Gavin is clearly a talented painter and draughtsman and will gladly show this off; his style in parts is verging on photo-realistic, but he's painstakingly removed areas, left parts unfinished and created something which essentially is quite creepy. If you look closely they just aren't quite right. In one painting of a girl's face, everything is perfect except her left eye which is slightly misaligned and wrongly angled and left partly unfinished, leaving her with a disturbing finish. This is clearly no technical fault and as you move into a smaller room at the back of the gallery his intentions are more clearly reiterated. Faces look as though their distortion might melt them off the canvas and one girl's eye peeps out at you over swollen cheeks, carefully created through a lack of shading or adding of a facial boundary where it should not be.

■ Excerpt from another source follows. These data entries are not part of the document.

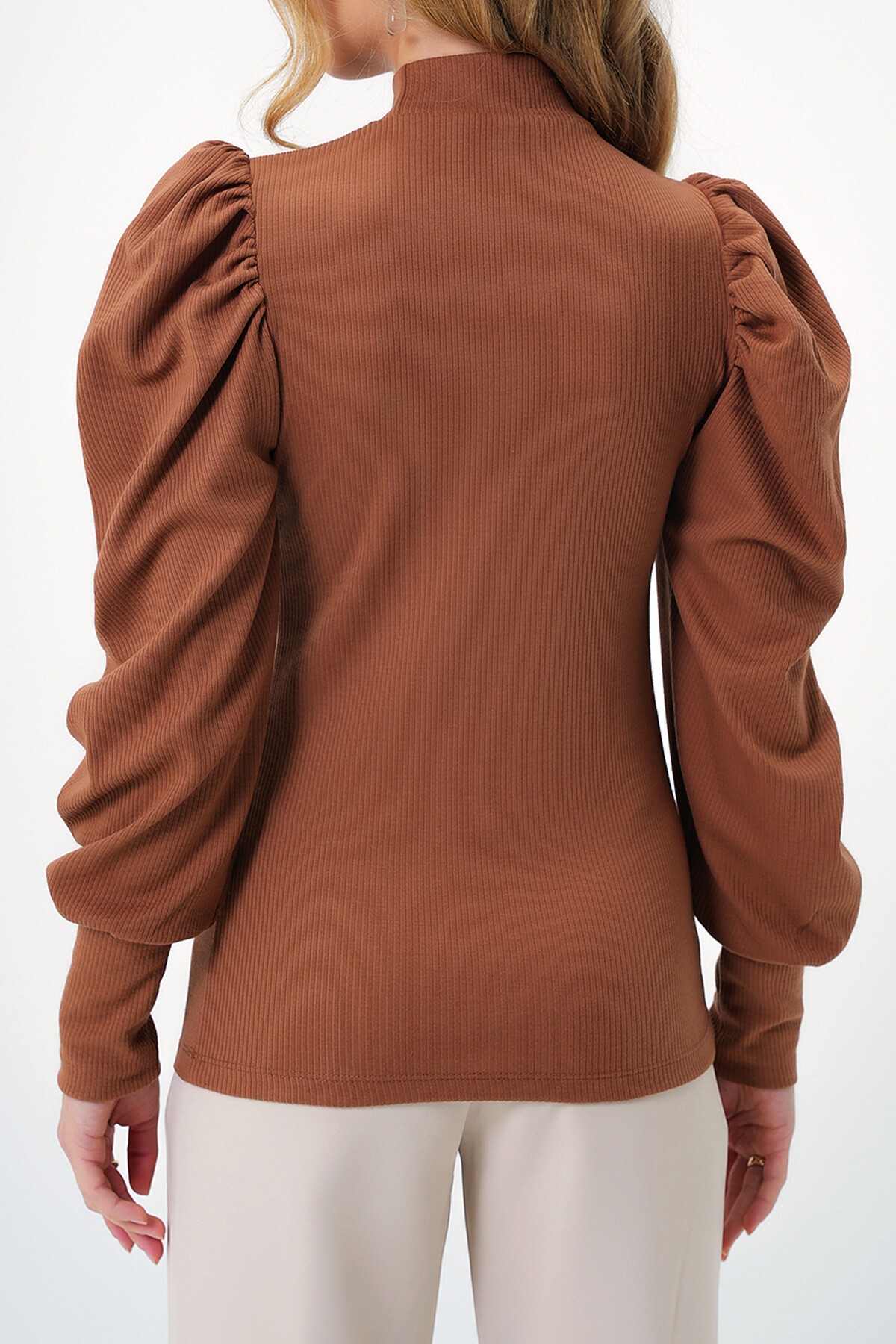 Karamel Bisiklet Yaka Damla Dekolteli Prenses Kol Triko Bluz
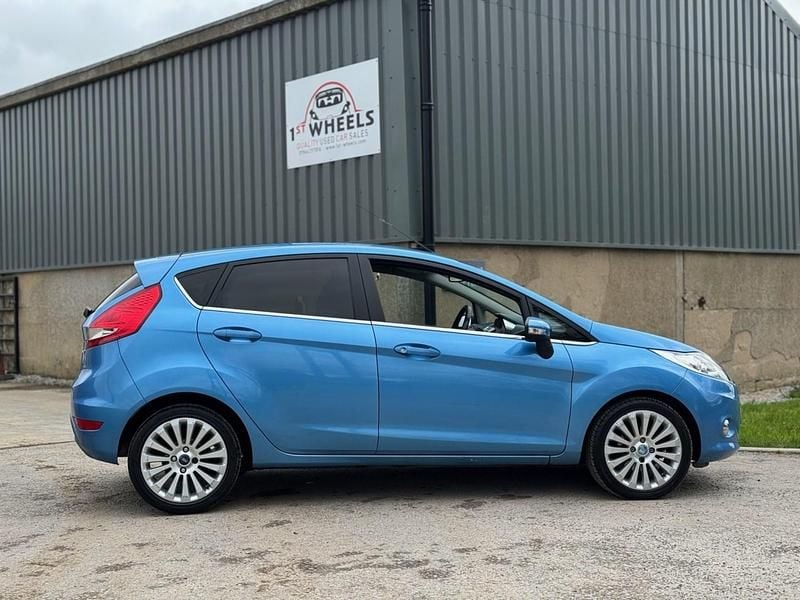 Used Ford Fiesta Titanium 96 HP (70 kW) 2009 Blue Hatchback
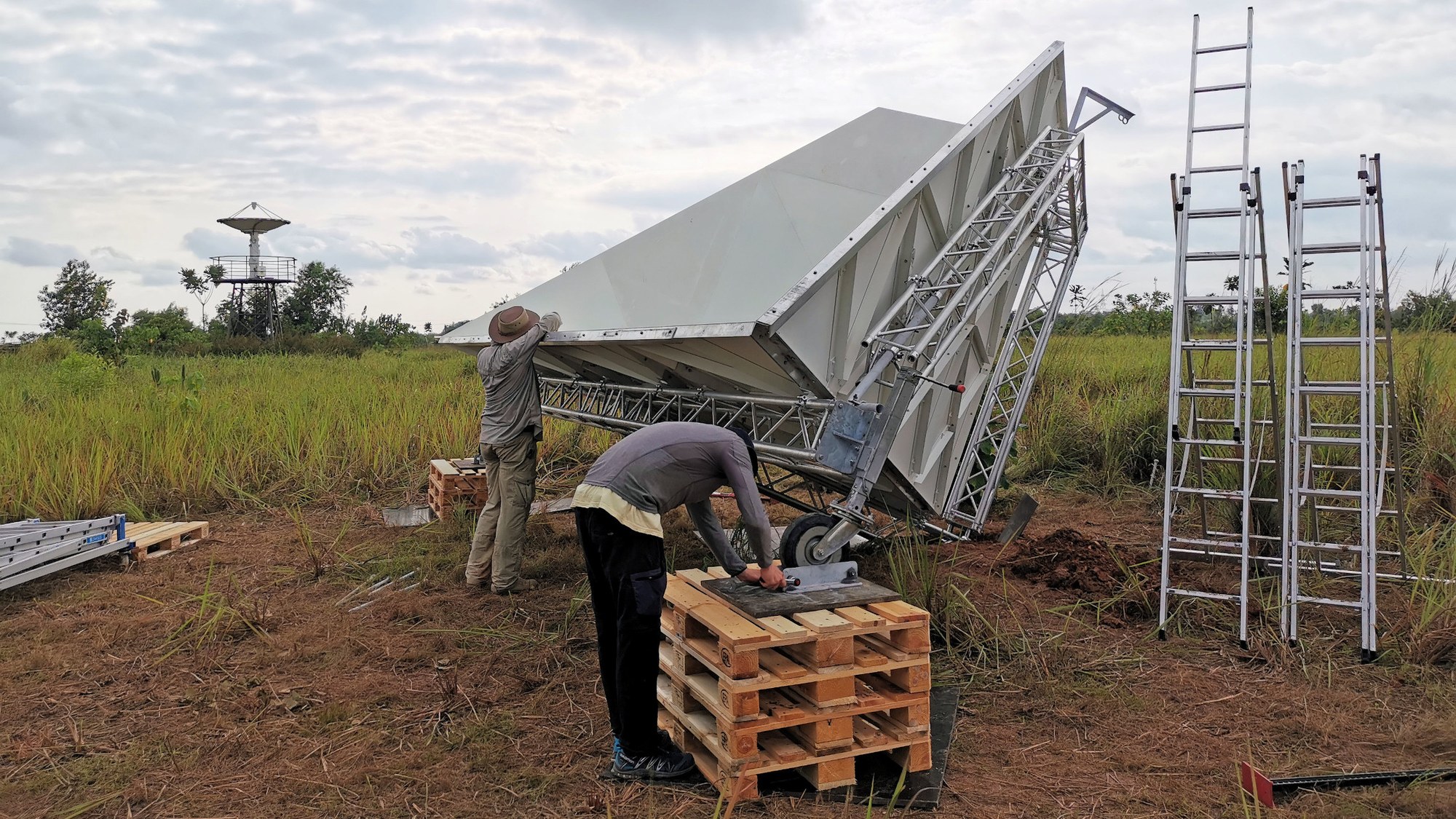 Two DLR team members setting up a special radar reflector in the 'Nkok' test area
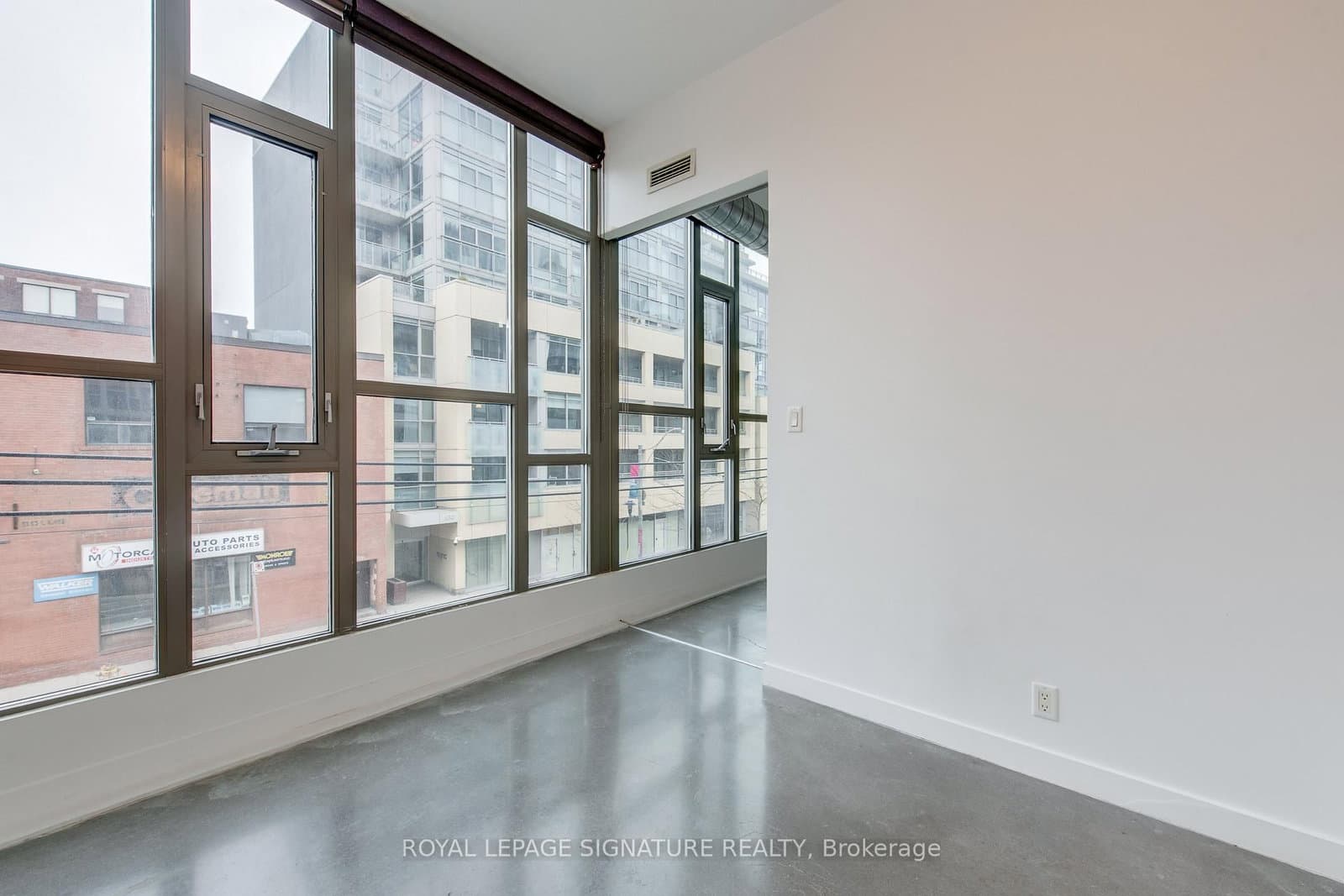 625 Queen Street E, Unit 211 thumbnail 22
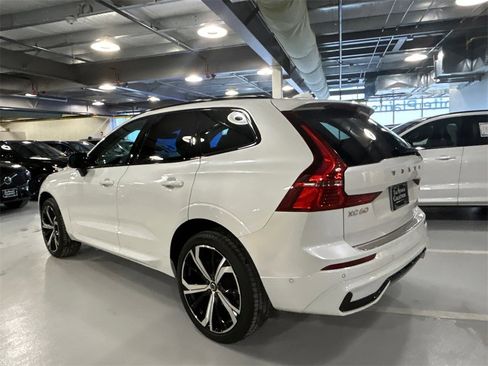 Certified 2023 Volvo XC60 B5 Ultimate w/ Climate Package image 4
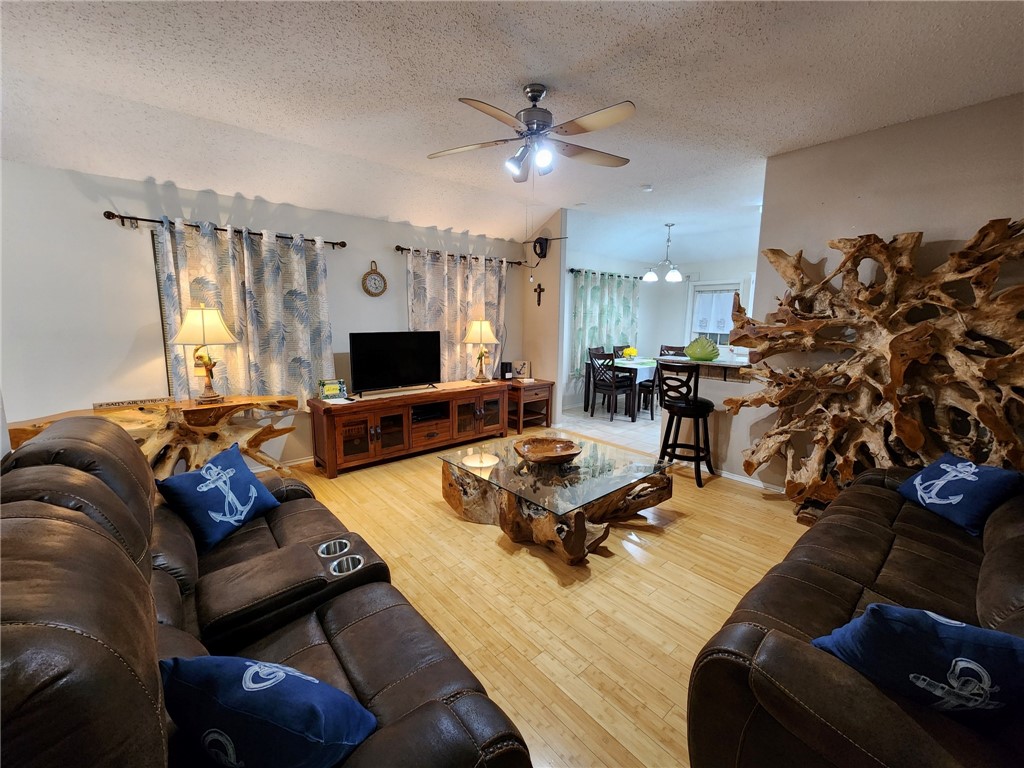 14721 Lighthouse Dr Property Photo 9
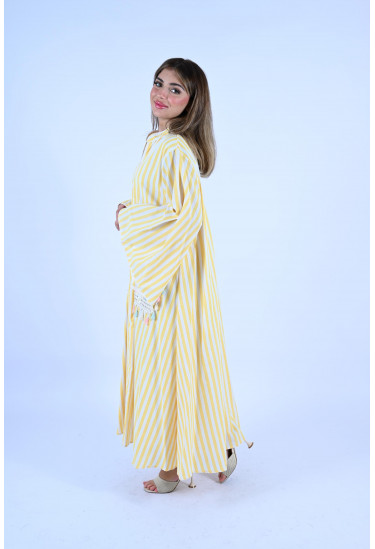 جلابية مخططة أنيقة بلمسة تراثية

Then there's an added twist: these classically styled pieces are in fact inspired by pornographic poses. Move over Courbet and make way for Robert Mapplethorpe. Or just sit quietly together. Tremlett has cleverly worked in a contradiction, a strange kind of entwining of opposites: innocent, yet promiscuous, their glares inviting, yet frightening. And all titled 'Amusement', numbered 1 to 11. Is this the amusement of the artist with his clever little japes? Or the amusement of the sitter inviting you in and then mocking you quietly from behind the screen with your voyeuristic advances? Ha ha ha.
One might associate pornography with exploitation but these youthful subjects seem to possess both power and cunning. Some are wistfully beautiful, others entirely unsettling, and I don't know how I'm meant to feel. But I just can't help but look, examining Tremlett's revealings and concealings and trying to glean some understanding from these bizarre and provocative human visions.
'Amusements' is on at Charlie Smith London from Friday the 10th of December to Saturday the 29th of January 2011.